Voici, peut-être, pourquoi sa musique ne ressemble à nulle autre. On pourrait à l’envi citer les références musicales qui affleurent à l’écoute – l’électro de Kraftwerk, la pop bleue de Christophe, les bandes-son en couleurs flash de François de Roubaix, Etienne Daho ou Alan Vega – mais l’essentiel se joue ailleurs : dans les mathématiques, dans les jeux vidéo, dans la conquête spatiale, hors du temps et de toute mode.

Déjà, avec son premier disque, l’aquatique Léviathan, l’apprenti sorcier poétique, issu d’une famille de cinéastes, qui apprit la musique sur un jeu de PlayStation, livrait un joyau sonore, au langage inouï et imagé, qui confinait au sublime. Sur son deuxième opus, Contre-Temps, aux vertus psychédéliques, le garçon enfonce le clou : une œuvre de dédales, créative et personnelle, dont l’on ne cesse de redécouvrir les méandres, les détails et les recoins à chaque écoute.
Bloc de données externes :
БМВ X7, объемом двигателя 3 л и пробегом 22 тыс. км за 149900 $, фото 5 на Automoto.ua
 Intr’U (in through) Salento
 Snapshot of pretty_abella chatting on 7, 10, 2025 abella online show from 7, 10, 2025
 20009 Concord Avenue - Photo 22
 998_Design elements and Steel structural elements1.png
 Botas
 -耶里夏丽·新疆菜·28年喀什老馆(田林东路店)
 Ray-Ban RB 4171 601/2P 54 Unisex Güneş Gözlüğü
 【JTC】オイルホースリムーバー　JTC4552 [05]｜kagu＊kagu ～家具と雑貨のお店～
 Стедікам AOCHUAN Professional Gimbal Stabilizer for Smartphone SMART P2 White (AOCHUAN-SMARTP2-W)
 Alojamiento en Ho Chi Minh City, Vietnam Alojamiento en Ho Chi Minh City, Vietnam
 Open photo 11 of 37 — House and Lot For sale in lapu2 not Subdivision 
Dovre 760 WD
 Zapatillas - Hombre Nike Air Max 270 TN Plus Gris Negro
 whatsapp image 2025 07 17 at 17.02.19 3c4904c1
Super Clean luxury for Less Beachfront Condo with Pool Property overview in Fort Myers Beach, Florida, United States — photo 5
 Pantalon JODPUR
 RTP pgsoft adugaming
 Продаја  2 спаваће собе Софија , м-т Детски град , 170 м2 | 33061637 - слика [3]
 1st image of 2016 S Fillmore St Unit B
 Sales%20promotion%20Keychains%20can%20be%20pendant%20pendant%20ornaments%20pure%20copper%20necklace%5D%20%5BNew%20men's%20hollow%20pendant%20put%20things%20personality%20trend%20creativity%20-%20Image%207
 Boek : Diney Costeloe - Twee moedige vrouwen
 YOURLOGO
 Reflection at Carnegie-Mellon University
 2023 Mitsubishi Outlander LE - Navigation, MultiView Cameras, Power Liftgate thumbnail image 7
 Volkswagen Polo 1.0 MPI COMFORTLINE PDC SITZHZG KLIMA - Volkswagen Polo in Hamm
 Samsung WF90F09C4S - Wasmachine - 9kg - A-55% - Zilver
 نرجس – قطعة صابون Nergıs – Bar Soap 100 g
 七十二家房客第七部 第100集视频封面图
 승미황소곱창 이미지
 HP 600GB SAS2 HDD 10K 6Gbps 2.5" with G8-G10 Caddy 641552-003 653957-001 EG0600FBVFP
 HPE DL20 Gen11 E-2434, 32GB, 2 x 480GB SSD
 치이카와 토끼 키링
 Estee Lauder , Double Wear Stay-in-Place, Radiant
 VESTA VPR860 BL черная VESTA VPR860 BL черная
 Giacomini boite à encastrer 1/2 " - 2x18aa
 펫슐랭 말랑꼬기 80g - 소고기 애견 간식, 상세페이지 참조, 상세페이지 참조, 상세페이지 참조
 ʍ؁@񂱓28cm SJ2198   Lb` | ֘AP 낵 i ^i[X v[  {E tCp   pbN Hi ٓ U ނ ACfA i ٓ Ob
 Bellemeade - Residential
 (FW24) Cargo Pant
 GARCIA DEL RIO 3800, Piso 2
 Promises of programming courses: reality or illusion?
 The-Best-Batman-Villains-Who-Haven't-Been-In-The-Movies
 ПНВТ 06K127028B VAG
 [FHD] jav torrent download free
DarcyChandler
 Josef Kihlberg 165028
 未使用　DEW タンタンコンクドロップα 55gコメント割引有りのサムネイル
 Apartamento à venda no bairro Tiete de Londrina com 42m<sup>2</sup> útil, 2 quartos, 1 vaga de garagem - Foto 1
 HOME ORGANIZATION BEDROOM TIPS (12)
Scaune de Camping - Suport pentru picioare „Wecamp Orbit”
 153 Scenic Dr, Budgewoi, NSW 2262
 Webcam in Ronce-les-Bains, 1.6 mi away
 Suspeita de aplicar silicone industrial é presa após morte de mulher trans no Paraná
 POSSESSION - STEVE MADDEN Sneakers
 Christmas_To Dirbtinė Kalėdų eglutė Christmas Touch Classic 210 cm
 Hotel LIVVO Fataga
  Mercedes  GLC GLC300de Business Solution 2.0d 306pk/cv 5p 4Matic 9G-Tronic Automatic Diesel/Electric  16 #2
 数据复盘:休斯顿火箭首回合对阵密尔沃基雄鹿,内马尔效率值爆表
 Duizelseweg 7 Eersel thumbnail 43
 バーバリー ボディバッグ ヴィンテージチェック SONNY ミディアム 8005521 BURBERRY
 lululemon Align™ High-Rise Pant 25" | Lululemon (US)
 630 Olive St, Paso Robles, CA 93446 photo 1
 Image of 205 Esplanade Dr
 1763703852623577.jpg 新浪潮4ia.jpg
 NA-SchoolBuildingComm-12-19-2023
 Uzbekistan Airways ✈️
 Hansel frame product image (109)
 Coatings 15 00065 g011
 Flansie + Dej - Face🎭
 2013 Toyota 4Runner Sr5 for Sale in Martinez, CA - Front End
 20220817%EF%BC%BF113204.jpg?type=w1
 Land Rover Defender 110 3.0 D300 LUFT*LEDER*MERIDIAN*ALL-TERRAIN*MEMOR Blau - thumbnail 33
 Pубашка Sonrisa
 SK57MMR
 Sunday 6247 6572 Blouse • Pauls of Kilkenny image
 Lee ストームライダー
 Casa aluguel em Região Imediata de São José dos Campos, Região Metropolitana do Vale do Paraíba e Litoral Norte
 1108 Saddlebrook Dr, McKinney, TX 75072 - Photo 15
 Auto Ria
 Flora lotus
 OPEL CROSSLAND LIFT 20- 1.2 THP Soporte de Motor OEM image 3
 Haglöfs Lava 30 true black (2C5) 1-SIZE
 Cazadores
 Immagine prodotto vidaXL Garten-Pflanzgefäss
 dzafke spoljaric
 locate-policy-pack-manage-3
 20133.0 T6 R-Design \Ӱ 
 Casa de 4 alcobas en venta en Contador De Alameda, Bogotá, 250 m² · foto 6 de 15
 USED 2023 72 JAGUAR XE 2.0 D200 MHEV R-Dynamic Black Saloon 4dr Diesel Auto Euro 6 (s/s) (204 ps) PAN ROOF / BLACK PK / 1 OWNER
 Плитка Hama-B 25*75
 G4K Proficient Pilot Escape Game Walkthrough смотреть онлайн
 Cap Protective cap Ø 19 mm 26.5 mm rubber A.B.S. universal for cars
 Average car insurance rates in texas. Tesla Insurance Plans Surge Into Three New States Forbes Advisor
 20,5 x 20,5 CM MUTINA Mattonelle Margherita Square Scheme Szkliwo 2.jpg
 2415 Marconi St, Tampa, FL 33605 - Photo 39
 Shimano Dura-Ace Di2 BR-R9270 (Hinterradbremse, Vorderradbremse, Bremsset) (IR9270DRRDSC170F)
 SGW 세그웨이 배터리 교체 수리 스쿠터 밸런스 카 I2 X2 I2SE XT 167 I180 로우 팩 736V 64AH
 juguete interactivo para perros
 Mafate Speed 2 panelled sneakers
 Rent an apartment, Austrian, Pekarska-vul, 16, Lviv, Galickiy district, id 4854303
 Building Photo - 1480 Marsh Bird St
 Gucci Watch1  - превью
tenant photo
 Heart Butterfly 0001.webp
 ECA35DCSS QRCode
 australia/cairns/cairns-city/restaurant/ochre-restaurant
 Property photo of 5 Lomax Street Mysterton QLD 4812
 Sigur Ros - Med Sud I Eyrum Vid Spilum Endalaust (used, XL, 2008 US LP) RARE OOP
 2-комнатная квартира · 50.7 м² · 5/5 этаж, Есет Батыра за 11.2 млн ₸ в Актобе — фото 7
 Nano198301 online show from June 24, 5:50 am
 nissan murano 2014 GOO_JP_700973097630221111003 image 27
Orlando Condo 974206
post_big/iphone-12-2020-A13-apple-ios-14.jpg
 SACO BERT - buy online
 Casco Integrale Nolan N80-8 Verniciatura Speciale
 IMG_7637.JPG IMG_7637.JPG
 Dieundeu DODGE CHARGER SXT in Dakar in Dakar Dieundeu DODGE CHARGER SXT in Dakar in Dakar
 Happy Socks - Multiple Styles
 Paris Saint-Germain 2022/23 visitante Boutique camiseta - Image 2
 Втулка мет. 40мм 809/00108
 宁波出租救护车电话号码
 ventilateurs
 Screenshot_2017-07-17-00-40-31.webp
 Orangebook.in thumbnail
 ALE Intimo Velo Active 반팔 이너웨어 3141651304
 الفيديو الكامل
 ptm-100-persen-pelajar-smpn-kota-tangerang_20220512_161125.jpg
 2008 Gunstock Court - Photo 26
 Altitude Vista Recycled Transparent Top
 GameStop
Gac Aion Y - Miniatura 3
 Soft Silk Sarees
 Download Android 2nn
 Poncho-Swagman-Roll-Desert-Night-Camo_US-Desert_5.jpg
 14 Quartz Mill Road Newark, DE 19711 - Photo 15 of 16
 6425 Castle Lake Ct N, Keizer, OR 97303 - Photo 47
Du stimulus à l’idée… et vice-versa !

Comme pour son premier opus, le musicien et chanteur s’était fixé un thème, un cahier des charges : le voyage dans le temps. "Avant de démarrer la création, j’aime délimiter un corpus de recherches, me balader à travers les références, explorer des galaxies, raconte-t-il. Lors de mes études de design industriel, j’avais fait un mémoire sur le voyage dans le temps, via l’analyse d’un tableau du peintre américain Paul Laffoley, qui consistait en de grands diagrammes cosmologiques, une sorte de plan de voyage dans le temps. J’ai approché la question aux niveaux philosophique, scientifique, par le biais des images et maintenant de la musique. Contre-Temps, le titre de mon disque ne doit pas être entendu dans le sens usuel. Il ne signifie pas ‘à l’opposé du temps’ mais plutôt ‘tout contre le temps’, ‘à fleur de temps’, lové dedans. J’avais envie de le ressentir de manière sensible, avec son impermanence et ses cycles qui se répètent. Il s’agit, en fait, d’un disque sur le présent."

Le présent, Flavien Berger l’expérimente dans son studio, désormais investi à temps plein, lorsqu’alchimiste, il transforme sa matière sonore en or. Ainsi procède-t-il : "Je vis des moments, des instants de créations mélodiques, harmoniques, des phases d’écriture qui s’aimantent les uns, les autres. Je jongle avec les différentes zones qui jalonnent un morceau : la composition, les arrangements, la production, les interprétations. Tout cela s’influence de manière circulaire ! Et quand j’ai trouvé quelque chose qui résonne bien avec moi, je suis sa trace, je l’approfondis. C’est comme un chamboule-tout, la création ! Un stimulus entraîne une idée, qui elle-même entraîne un stimulus, qui lui-même entraîne une idée, qui entraîne un stimulus… Jusqu’à ce que la chanson soit finie parce que, tout simplement, je n’ai plus rien à dire…"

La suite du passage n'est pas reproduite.